5 Anonymous March 12, 2007 at 9:03 pm

just to give people a real world idea, I’m a PCP whose starting a mobile imaging company where I lease out my echocardiogram. I will make 2 times more, with none of the headaches with this practice. Gaming the system, asbsolutely. But just telling it like it is. Just another sign of how dumb we are as physicians and not standing up to anyone.

6 Happyman March 13, 2007 at 7:13 pm

“Just another sign of how dumb we are as physicians and not standing up to anyone”

No. just another sign that your are ripping off the system – you are precisely what’s wrong with medicine and the current reimbursement system.

Your point is clear. but that doesn’t make you less of a thief. I’d prefer to bitch about the system until it changes, and forego the extra income to be had by ripping off medicare (ie. the taxpayers).

but i appreciate your honesty, uh, anon. your shame tells me that at least you know it’s wrong.

7 Anonymous March 14, 2007 at 10:15 pm

Just to clarrify my previous post about my mobile imaging company and some of the incorrect analogies.

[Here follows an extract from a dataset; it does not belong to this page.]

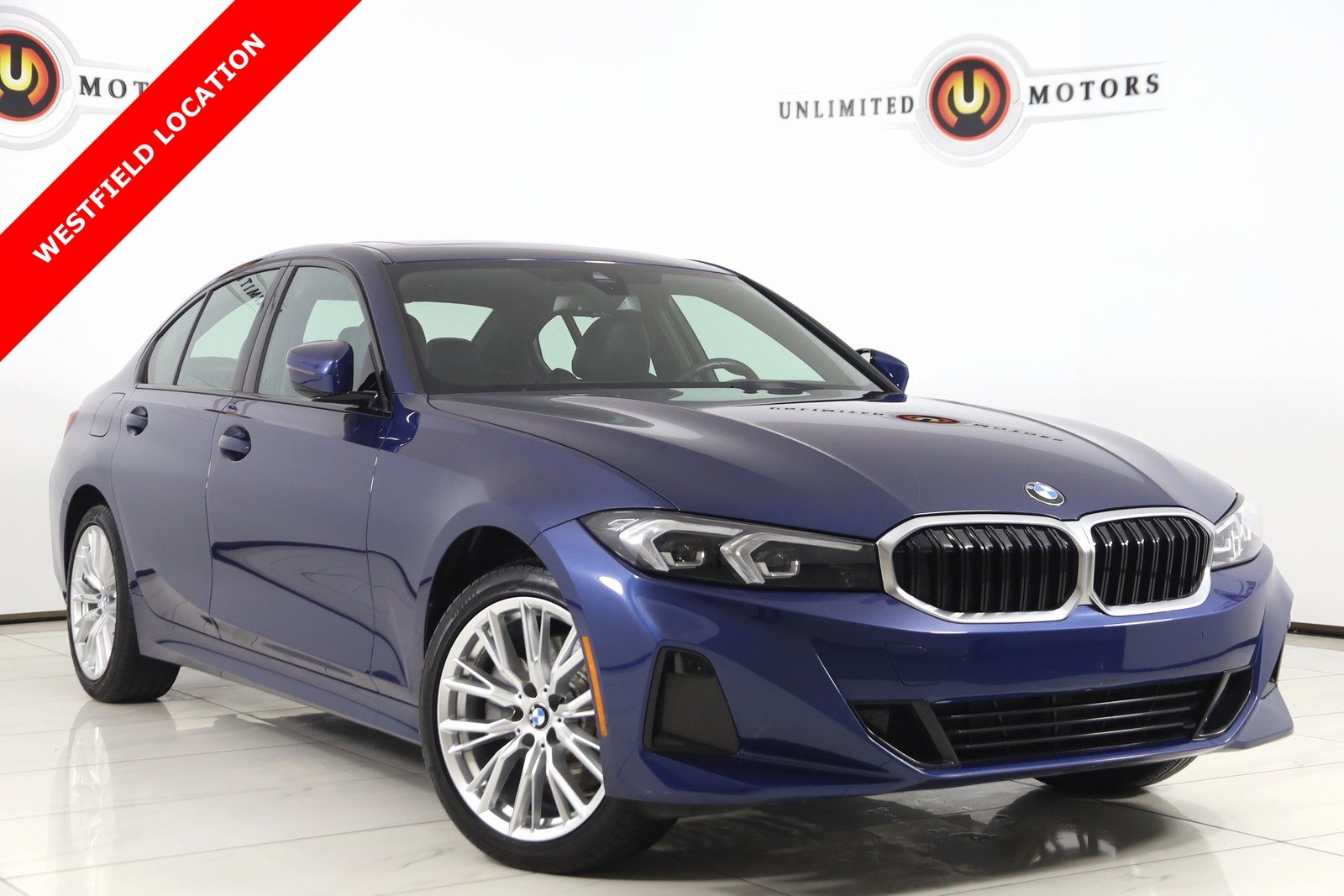 2023 BMW 3 Series 330i xDrive AWD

Remember, I don’t order the echos. It’s the vast majority of PCPs country wide and young cardiologists that do. So I’m not stealing, nor practicing defensive medicine. I’m jsut leasing out my machines and techs to those PCPs.

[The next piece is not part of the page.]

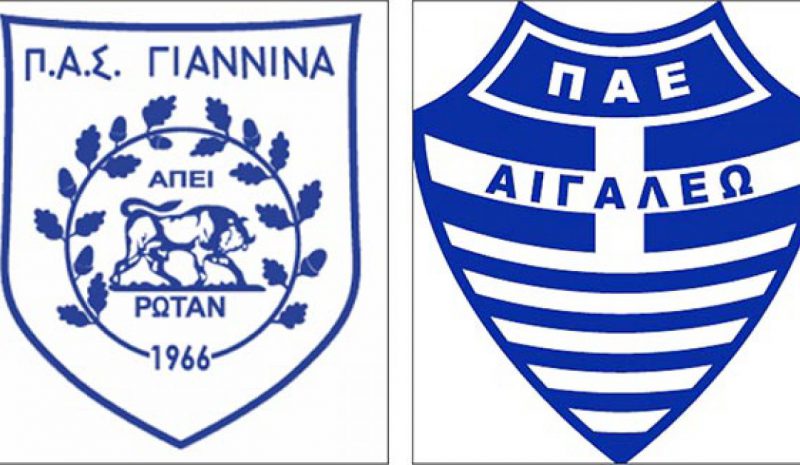 Φιλικό τεστ του ΠΑΣ με το Αιγάλεω στο Καρπενήσι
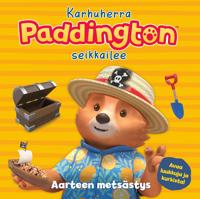 Karhuherra Paddingtonin seikkailee - Aarteen metsästys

“Gaming the system” – absolutely. They pay for echos, they don’t pay enough for PCP medicine. So, I spoke to the PCPs in my hospital and general area & many wanted to add this service to their practice.

So I’m not stealing. Talk to every PCP in their office that does these procedures, they’re stealing.

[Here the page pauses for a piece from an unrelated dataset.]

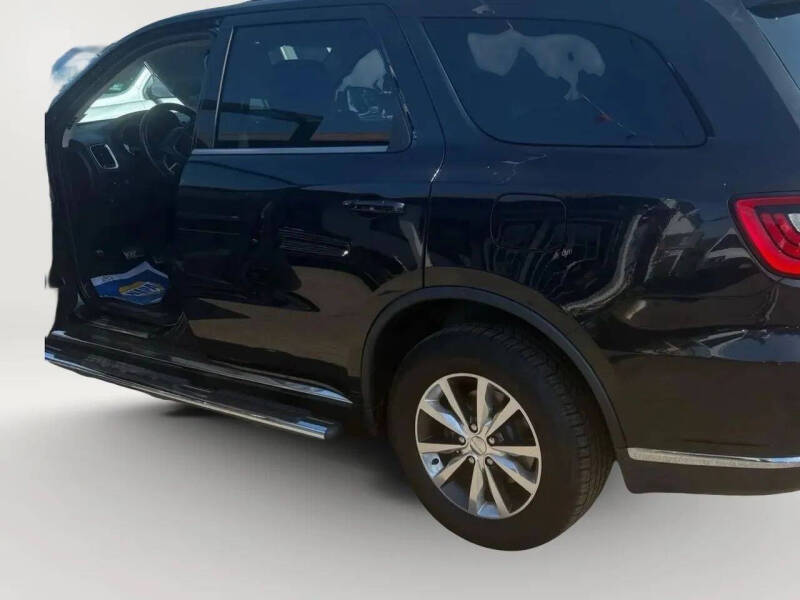2016 Dodge Durango Limited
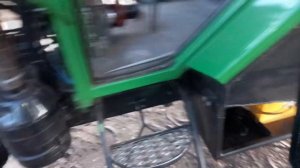 ВОМ от гидромотора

Oh, and I do know it’s ultimately wrong. I’m not aiding the effort to change the system. But hey, if all these PCP who orders my ancillaries drive our system into bankruptcy faster, maybe I’m contribute to reform faster than originally suspected.

Keep ordering PCPs. I’d put up my website except I don’t want to get fire bombed by the Osler purists and idealists.

8 Anonymous March 14, 2007 at 10:16 pm

Just to clarrify my previous post about my mobile imaging company and some of the incorrect analogies.

Remember, I don’t order the echos. It’s the vast majority of PCPs country wide and young cardiologists that do. So I’m not stealing, nor practicing defensive medicine. I’m jsut leasing out my machines and techs to those PCPs.

“Gaming the system” – absolutely. They pay for echos, they don’t pay enough for PCP medicine. So, I spoke to the PCPs in my hospital and general area & many wanted to add this service to their practice.

So I’m not stealing. Talk to every PCP in their office that does these procedures, they’re stealing.

Oh, and I do know it’s ultimately wrong. I’m not aiding the effort to change the system. But hey, if all these PCP who orders my ancillaries drive our system into bankruptcy faster, maybe I’m contribute to reform faster than originally suspected.

Keep ordering PCPs. I’d put up my website except I don’t want to get fire bombed by the Osler purists and idealists.